The first trailer is here for Battle of the Sexes, documenting the 1973 tennis match between Bobby Riggs and Billie Jean King, and to quote Lainey, “What was the rush to give [Emma Stone] an Oscar when she still has performances like this.” Of course there’s no knowing, at this point, whether or not Battles of the Sexes is THAT good, or if Stone will get award recognition for playing Billie Jean King. But one thing IS clear: In a two-minute trailer, Stone’s performance is more engrossing than all of La La Land.

I’m not even that down on her La La Land Oscar—she elevated an underwritten character in a way pretty much no one else her age could—but let’s be honest, Isabelle Huppert in Elle was devastating, and Stone looks better in Battle of the Sexes. But this is what Oscar does—it rewards the right people for the wrong performance. It’s a constant cycle of premature accolades and post-script make-ups. And now Battle of the Sexes has a real chance of being Emma Stone’s Should-Have-Been-Oscar movie.

The movie itself looks pretty great. Steve Carell plays Bobby Riggs, and I like the suggestion in the trailer that Riggs was just trying to drum up attention and King was like, “I’m here to f*cking play,” and what that says about the difference between men and women and career and work. Riggs was older, past his prime, and King was at her peak, but people still assumed he would win, just because he’s a man. He was goofing off, putting on a show, but there’s King at night, alone, working on her game. And while the whole thing might have been a publicity stunt, there’s no arguing against the importance of the cultural moment, when a woman beat a man on the court, shutting him up after months of self-aggrandizing stunting.
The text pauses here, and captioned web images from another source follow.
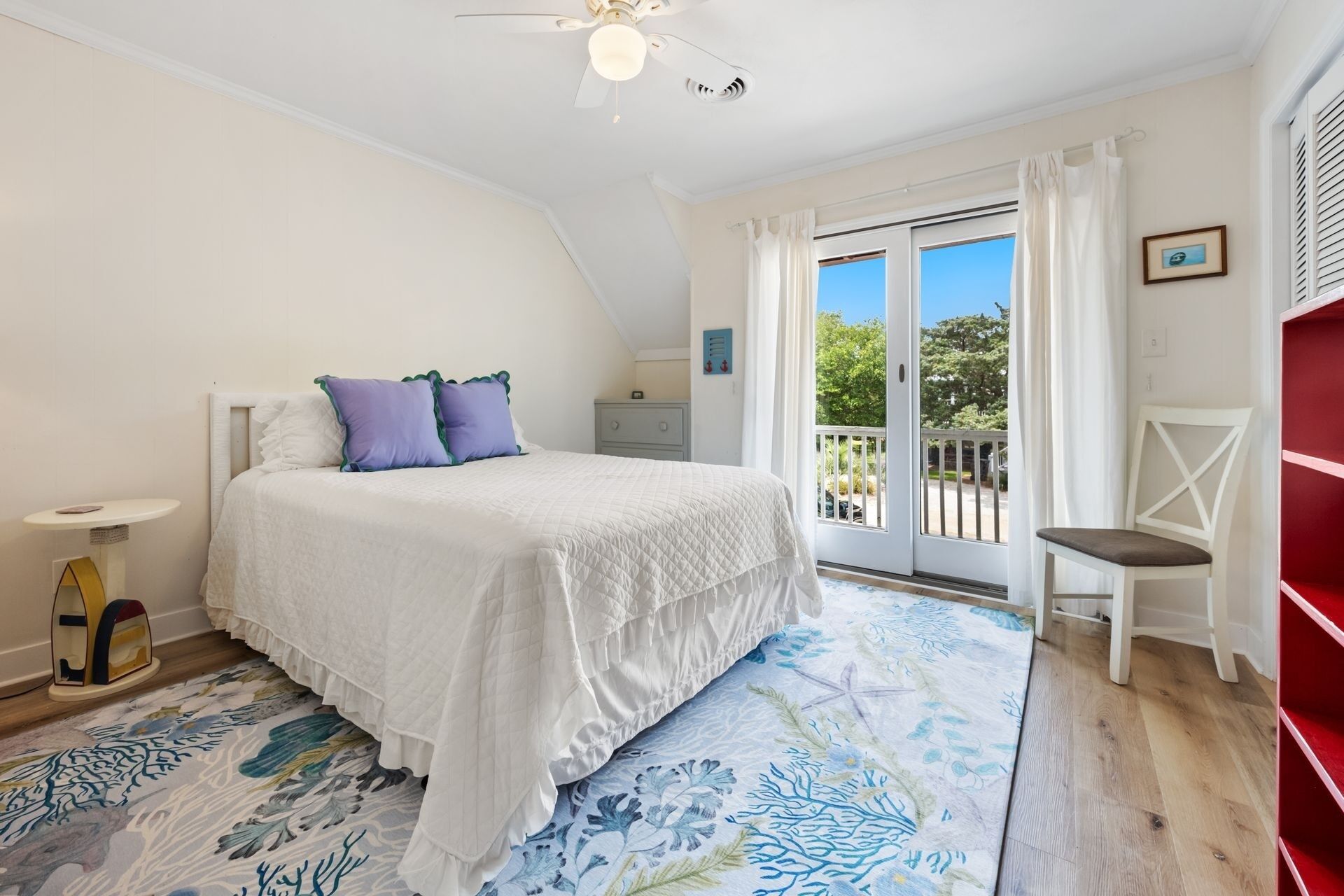 A bedroom with a bed, a nightstand, a chair, a window with a view, and a ceiling fan.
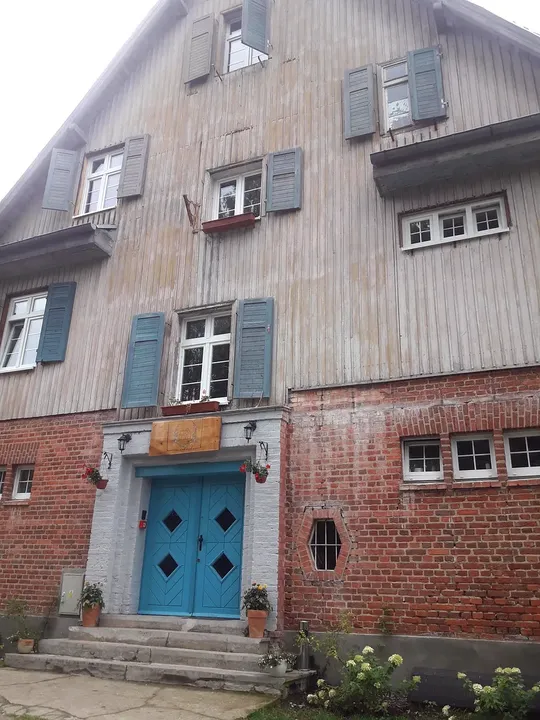 The painted lower façade and entrance at Lecha neighbourhood, Łagów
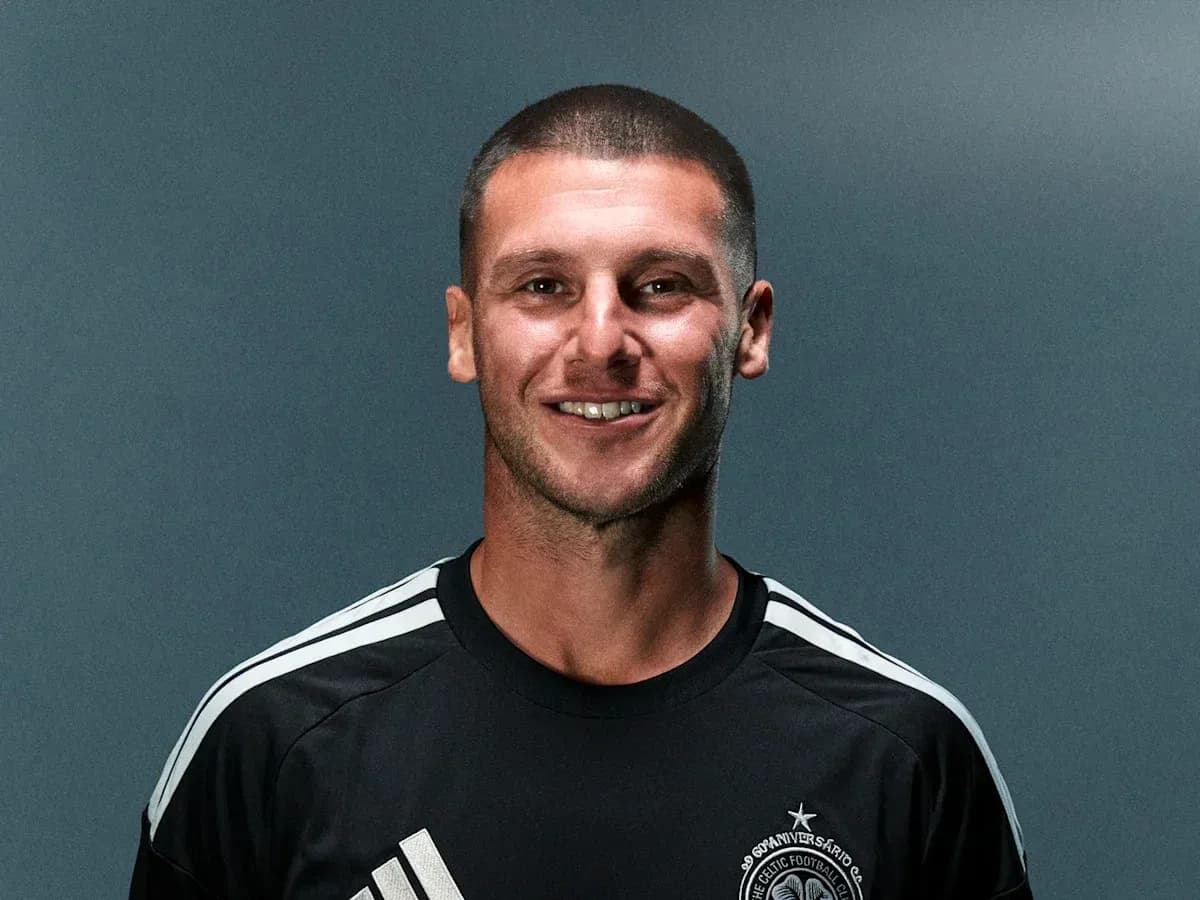 Player smiling in black team jersey with logo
And there’s that line: “We want a little bit of what you’ve got, that’s what you can’t stand.” We’re still living through the fall-out of women demanding equality—equality which is still not attained. And not only still not equal, but actively losing ground. Battle of the Sexes looks fun and entertaining, but it’s also a reminder of what has and hasn’t been accomplished in the real world.